Workplace smoking laws apply to any enclosed workplace. Certain bars and restaurants are exempt, as are certain work areas within private places of employment that are open to the public by appointment only.
Smoking is prohibited throughout the entire indoor workplace except for designated smoking area. An employer may designate the entire workplace nonsmoking. Smoking is permitted in any designated smoking area.
In Georgia, smoking areas must be in a nonwork area where no employee is required to enter (except to perform custodial and maintenance work when the smoking area is unoccupied). The area must have ventilation system that exhausts air outdoors and no air recirculating to nonsmoking areas. The smoking area is only for employee use.
Georgia doesn’t specifically require employers to provide workplace accommodations for nonsmoker employees.
Georgia employers must communicate a smoking prohibition to all employees and to all applicants when they apply.

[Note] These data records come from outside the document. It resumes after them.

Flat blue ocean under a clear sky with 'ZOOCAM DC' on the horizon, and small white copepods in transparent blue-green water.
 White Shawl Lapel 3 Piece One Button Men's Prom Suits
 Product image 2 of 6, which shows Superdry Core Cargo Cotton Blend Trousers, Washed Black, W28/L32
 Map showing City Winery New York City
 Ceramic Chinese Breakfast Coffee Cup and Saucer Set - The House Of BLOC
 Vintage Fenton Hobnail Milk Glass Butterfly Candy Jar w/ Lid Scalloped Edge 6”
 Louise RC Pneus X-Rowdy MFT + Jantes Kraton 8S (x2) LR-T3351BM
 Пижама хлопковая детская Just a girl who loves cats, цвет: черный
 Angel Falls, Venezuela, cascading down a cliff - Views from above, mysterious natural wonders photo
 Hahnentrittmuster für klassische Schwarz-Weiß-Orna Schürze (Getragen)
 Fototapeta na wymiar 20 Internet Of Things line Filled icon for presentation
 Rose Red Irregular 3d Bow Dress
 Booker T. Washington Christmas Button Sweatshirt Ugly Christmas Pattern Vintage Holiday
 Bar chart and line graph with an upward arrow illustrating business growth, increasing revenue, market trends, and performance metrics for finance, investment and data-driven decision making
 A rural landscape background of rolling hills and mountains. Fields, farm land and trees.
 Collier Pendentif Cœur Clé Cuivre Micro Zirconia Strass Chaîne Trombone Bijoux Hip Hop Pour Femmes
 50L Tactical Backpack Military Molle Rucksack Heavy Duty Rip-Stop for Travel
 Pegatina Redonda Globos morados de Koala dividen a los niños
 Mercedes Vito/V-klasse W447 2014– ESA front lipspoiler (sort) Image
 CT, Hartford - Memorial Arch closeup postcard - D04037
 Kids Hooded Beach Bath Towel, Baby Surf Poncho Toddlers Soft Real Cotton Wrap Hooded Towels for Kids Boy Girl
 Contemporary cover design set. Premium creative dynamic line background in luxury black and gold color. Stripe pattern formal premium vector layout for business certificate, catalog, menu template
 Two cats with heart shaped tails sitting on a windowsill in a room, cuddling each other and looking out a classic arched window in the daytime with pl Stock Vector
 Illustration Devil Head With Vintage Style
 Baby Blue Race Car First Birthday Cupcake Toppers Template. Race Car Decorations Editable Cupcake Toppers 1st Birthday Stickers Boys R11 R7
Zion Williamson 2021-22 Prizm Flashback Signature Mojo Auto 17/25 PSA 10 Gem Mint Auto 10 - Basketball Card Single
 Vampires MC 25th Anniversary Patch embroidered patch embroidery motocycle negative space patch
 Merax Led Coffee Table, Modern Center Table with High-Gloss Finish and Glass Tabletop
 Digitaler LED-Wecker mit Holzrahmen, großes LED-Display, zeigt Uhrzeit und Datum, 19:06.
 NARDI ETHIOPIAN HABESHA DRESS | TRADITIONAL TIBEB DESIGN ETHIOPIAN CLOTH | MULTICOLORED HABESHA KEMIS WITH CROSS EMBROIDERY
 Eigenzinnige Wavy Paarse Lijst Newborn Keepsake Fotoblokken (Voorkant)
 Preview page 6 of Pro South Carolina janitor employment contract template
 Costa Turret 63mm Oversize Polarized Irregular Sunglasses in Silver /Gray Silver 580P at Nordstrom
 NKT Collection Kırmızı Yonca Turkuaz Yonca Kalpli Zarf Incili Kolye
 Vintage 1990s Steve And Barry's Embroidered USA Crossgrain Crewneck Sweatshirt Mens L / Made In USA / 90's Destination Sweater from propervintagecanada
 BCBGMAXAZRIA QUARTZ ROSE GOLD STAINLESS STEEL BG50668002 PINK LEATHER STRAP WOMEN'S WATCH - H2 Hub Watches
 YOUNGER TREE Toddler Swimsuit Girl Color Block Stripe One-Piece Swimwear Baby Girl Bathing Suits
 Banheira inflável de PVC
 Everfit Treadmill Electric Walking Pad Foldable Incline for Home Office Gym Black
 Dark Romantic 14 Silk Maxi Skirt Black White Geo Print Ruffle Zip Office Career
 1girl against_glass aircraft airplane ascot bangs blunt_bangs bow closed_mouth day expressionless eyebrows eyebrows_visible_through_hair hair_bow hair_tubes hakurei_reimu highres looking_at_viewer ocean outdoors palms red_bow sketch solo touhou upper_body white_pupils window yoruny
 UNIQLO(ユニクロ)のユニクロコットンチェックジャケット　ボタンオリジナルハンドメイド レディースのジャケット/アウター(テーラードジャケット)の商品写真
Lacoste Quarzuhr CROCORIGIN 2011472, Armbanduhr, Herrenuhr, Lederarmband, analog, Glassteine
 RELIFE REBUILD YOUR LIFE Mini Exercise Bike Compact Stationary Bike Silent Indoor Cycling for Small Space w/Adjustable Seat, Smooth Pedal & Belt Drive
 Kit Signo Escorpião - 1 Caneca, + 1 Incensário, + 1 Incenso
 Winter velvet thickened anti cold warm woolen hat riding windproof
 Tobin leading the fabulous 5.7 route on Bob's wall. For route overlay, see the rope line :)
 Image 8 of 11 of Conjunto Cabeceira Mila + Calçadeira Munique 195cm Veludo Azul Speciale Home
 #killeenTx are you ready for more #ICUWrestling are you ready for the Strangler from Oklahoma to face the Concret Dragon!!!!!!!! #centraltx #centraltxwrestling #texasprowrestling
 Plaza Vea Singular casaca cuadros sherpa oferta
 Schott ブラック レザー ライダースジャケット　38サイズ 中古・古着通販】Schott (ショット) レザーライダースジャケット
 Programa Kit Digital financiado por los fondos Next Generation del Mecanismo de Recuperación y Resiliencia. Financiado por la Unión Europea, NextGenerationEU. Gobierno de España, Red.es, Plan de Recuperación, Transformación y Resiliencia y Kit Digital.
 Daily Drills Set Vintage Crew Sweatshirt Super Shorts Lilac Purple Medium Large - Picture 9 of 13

Georgia does not have a law protecting smokers from discrimination nor does it have a law protecting employees from discipline or discharge based on their off-duty conduct generally.
If you want to go right to the source and look up Georgia law on workplace smoking laws -- or if you're writing a letter to your employer or employee and want to cite the applicable law -- the relevant statute(s) can be found at Ga. Code Ann. Sections 31-12A-1 to 31-12A-13. Workplace smoking information is also available in Nolo's books Your Rights in the Workplace, by Barbara Repa (Nolo) and The Employer's Legal Handbook, by Fred Steingold (Nolo).